„Viruslast“ und „virale Ausscheidung“ sind populäre medizinische Begriffe, die in letzter Zeit für viel Verwirrung gesorgt haben. Manche meinen, dass eine höhere Viruslast den Infizierten kränker macht, während andere meinen, dass sie den Infizierten ansteckender macht. Was ist richtig?
Was ist die Viruslast?
Nach der ersten Infektion einer Person mit COVID-19 beginnt das Virus, sich in den Zellen zu vermehren und infiziert dann weitere Zellen. Die Viruslast ist ein Maß für die Gesamtzahl der Viruspartikel in einer Person. Je mehr Replikationen stattgefunden haben, desto höher ist die Viruslast. Diese Messung wird üblicherweise bei HIV-Patienten verwendet, um festzustellen, wie sie auf antivirale Behandlungen ansprechen.
Werden Menschen mit einer höheren Viruslast kränker?

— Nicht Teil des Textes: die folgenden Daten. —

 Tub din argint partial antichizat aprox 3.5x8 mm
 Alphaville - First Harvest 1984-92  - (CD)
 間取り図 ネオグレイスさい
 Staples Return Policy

Die Beziehung zwischen Viruslast und Krankheitsverlauf ist komplex, da viele andere Faktoren eine Rolle spielen, wie sich die Dinge entwickeln. Nach unseren Erkenntnissen über SARS, MERS und Influenza ist eine höhere Viruslast in der Regel mit einem schlechteren Ausgang verbunden. In einer in The Lancet Infectious Diseases veröffentlichten Studie mit 76 COVID-19-Patienten wurde berichtet, dass die durchschnittliche Viruslast bei schweren Fällen 60-mal höher war als bei leichten Fällen, was die Annahme stützt, dass eine höhere Viruslast mit schlechteren klinischen Ergebnissen einhergeht.

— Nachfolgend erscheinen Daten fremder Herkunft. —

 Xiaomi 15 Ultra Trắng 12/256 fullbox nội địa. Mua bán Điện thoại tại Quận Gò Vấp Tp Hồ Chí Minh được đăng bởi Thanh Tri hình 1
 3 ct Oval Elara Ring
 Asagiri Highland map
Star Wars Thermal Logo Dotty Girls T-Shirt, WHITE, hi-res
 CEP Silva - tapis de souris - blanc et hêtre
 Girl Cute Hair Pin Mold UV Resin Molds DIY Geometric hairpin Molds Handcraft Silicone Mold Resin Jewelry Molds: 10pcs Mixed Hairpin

Eine chinesische Studie berichtete jedoch über einen asymptomatischen Patienten, der eine ähnlich hohe Viruslast aufwies wie symptomatische Patienten. Daher haben wir noch keine sichere Antwort mit gemischten Ergebnissen bezüglich der Beziehung zwischen Viruslast und Krankheitsschwere bei COVID-19.
Sind Menschen mit hoher Viruslast infektiöser?
Die Antwort auf diese Frage ist ein relativ sicheres „Ja“. Wenn eine infizierte Person eine hohe Viruslast hat, ist es wahrscheinlicher, dass sie mehr Viruspartikel ausscheidet, was als „viral shedding“ bezeichnet wird. Infolgedessen können Personen, die in engem Kontakt mit der Person stehen, eine ausreichend hohe Virusdosis erhalten, um infiziert zu werden.
Wann sind die Viruslast und die Virusausscheidung am höchsten?
Die zeitlichen Muster der Virusausscheidung variieren bei den verschiedenen Infektionen. Bei COVID-19 besteht Einigkeit darüber, dass die Viruslast und die Virusausscheidung in den ersten Tagen der Infektion am höchsten sind und ihren Höhepunkt bei oder vor dem Auftreten der Symptome erreichen. In einer Studie wurde geschätzt, dass 44 % der Übertragung vor dem Auftreten der ersten Symptome stattfinden könnte. In einer anderen Studie wurde die Virusausscheidung im Laufe des Krankheitsverlaufs beobachtet und festgestellt, dass die Virusausscheidung 5 Tage nach Auftreten der Symptome abnimmt und nach dem 10.
Das zeitliche Ausscheidungsprofil von COVID-19 steht in krassem Gegensatz zu SARS. Die Virusausscheidung bei COVID-19 erreicht ihren Höhepunkt viel früher und auf einem viel höheren Niveau. Leider erschwert die starke Ausscheidung zu Beginn der Infektion die Eindämmung des Virus, was wahrscheinlich zur schnellen Ausbreitung von COVID-19 beiträgt.